(INPUT MATERIAL Opens)

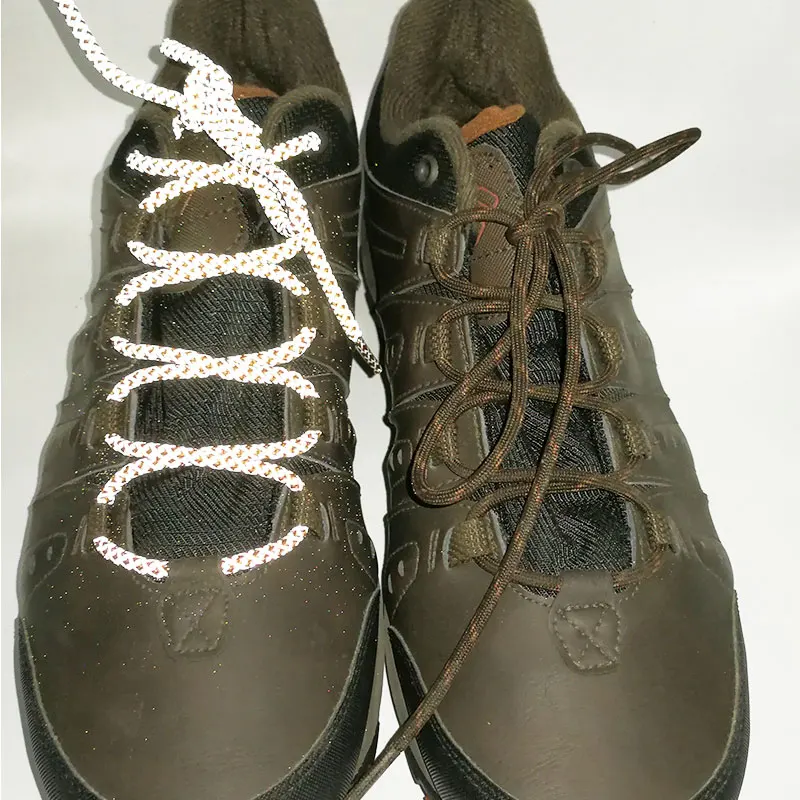Спортивный шнурок светоотражающий светится в темноте ночной цвет флуоресцентные шнурки спортивные альпинистские плоские шнурки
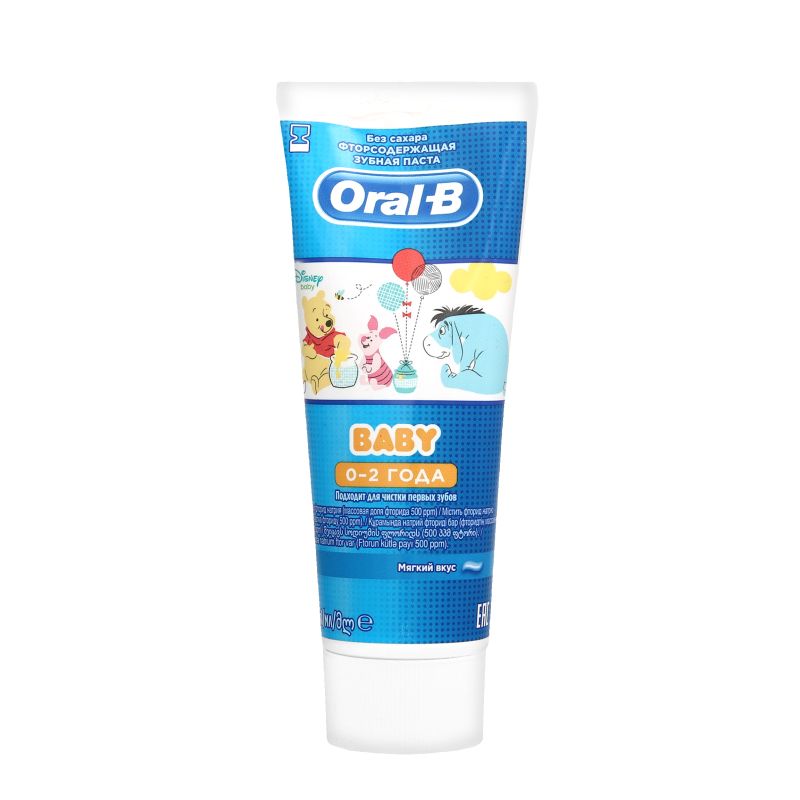 

Oral-B Зубная паста Baby для детей до 2х лет Мягкий вкус 75мл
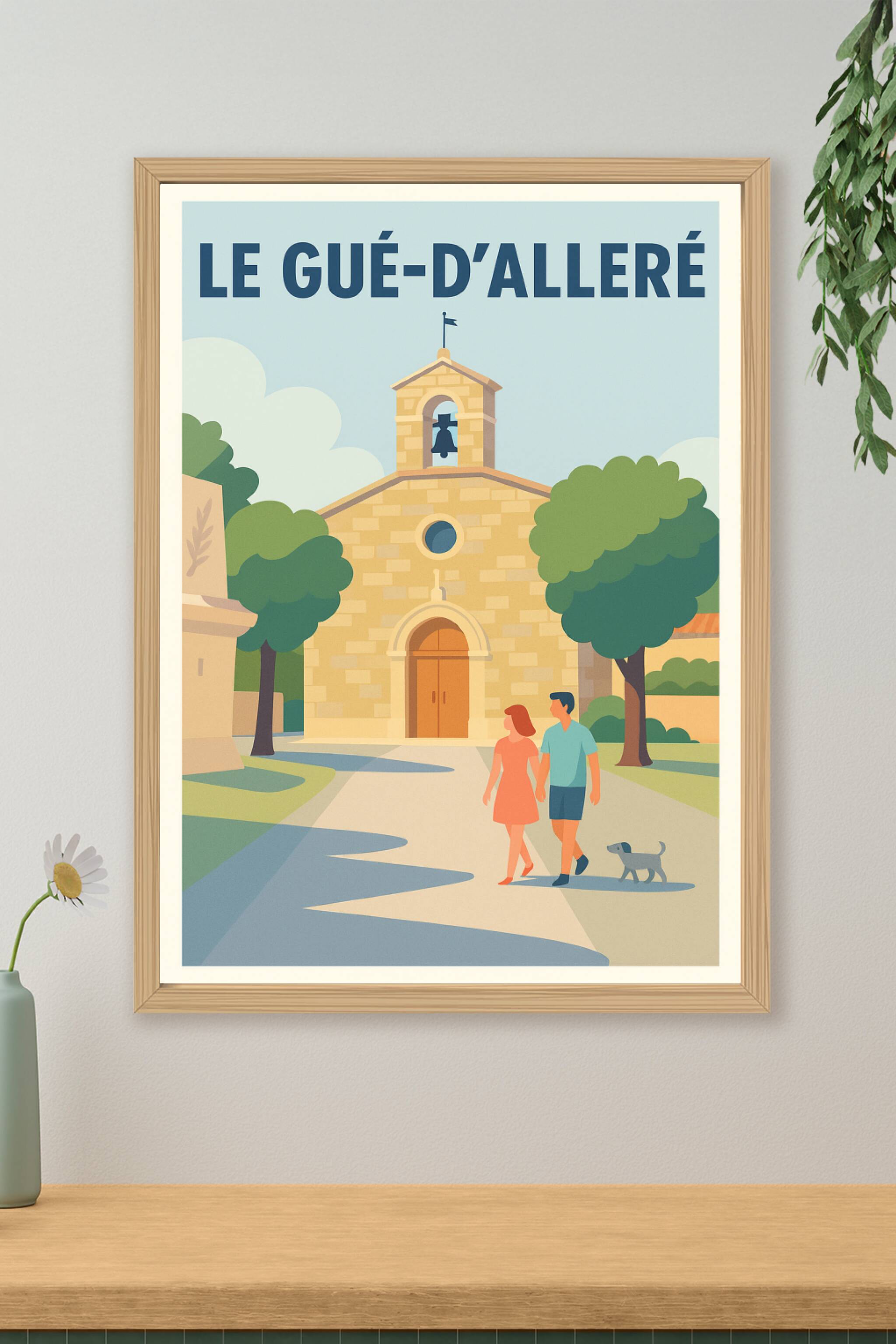 Affiche de Le Gué-d'Alleré - Une promenade paisible au cœur du village
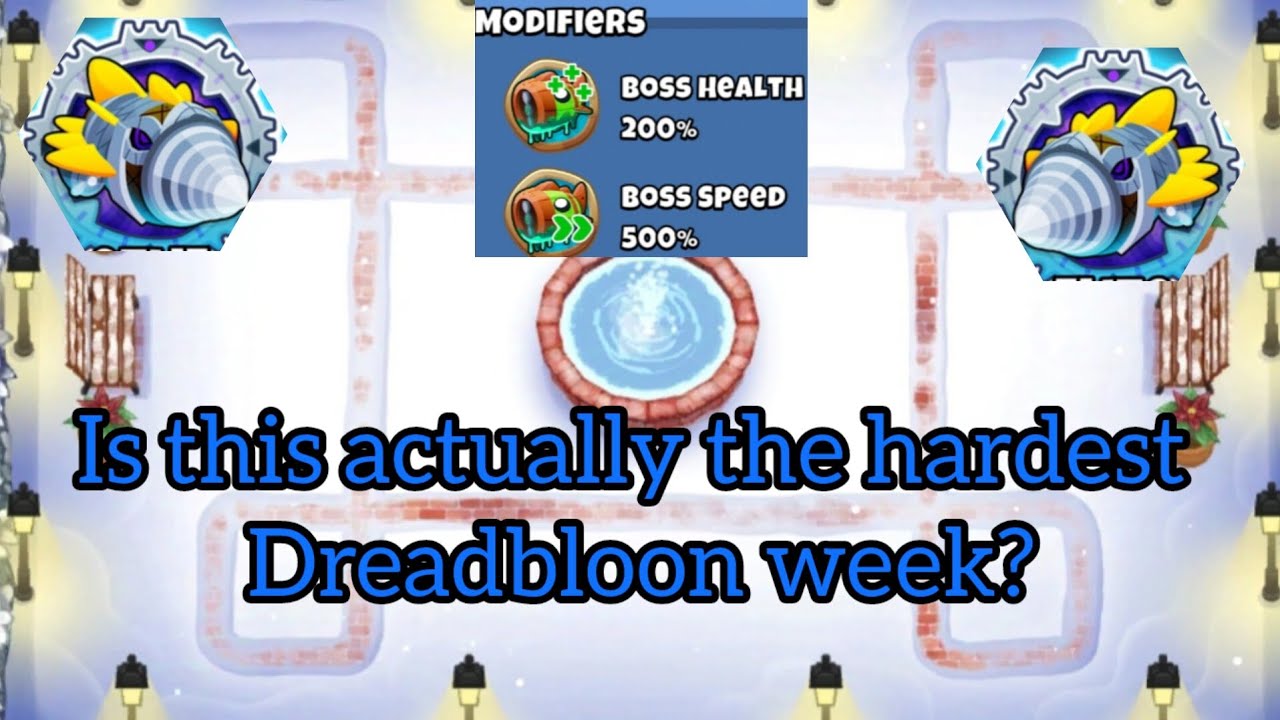 Dreadbloon Elite | WINTER Park | Hardest dreadbloon? | BTD 6 - Boss Event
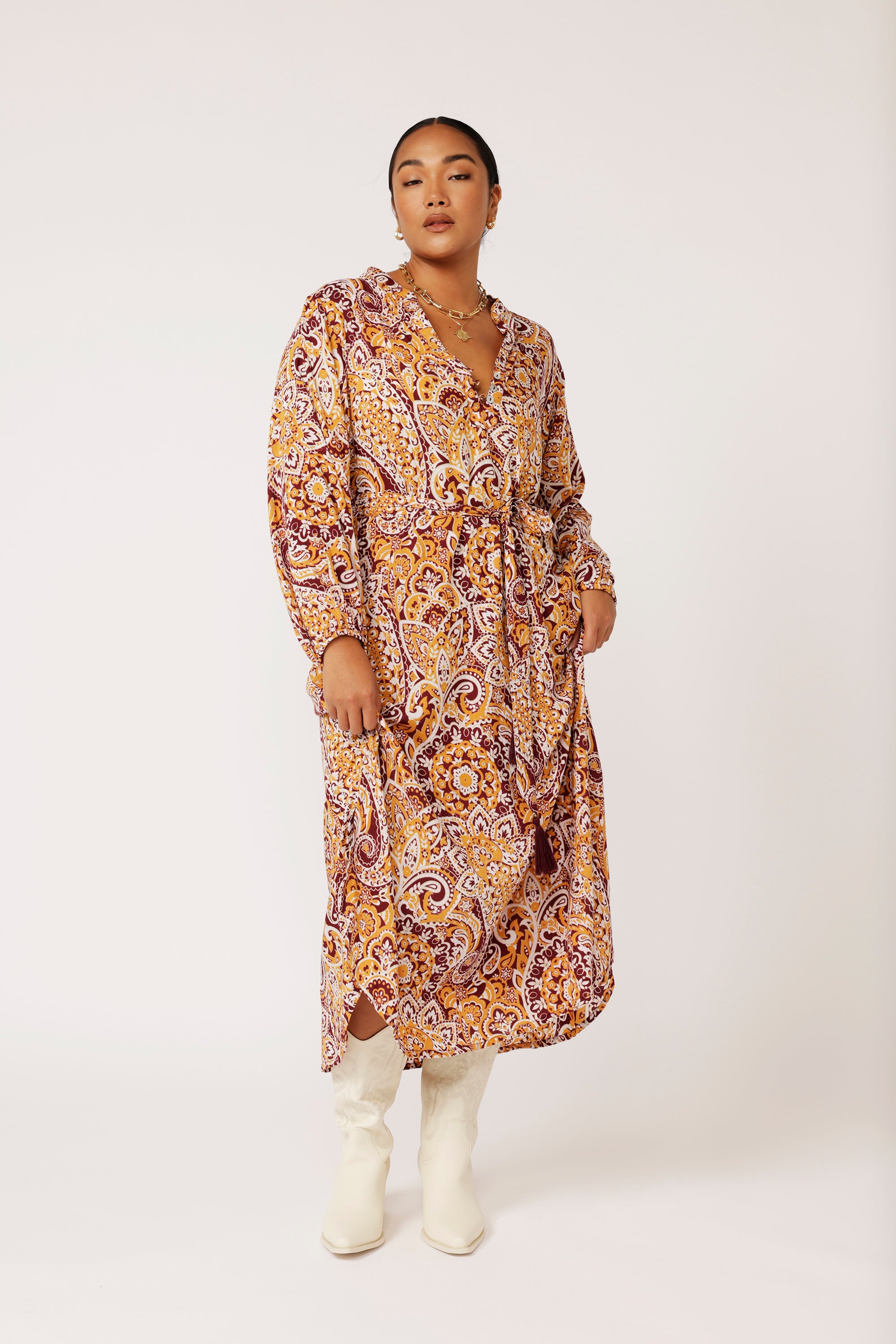 Jetset Gypsy MAXI | Autumn Paisley - Saffron Road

(INPUT MATERIAL Closes)

(PROBLEM TO SOLVE): Your answer must be the lines from the one holding "Oral-B Зубная паста" through the final line of the records above, exactly as written and without any pictures.

(ANSWER SPACE):
Oral-B Зубная паста Baby для детей до 2х лет Мягкий вкус 75мл
 Affiche de Le Gué-d'Alleré - Une promenade paisible au cœur du village
 Dreadbloon Elite | WINTER Park | Hardest dreadbloon? | BTD 6 - Boss Event
 Jetset Gypsy MAXI | Autumn Paisley - Saffron Road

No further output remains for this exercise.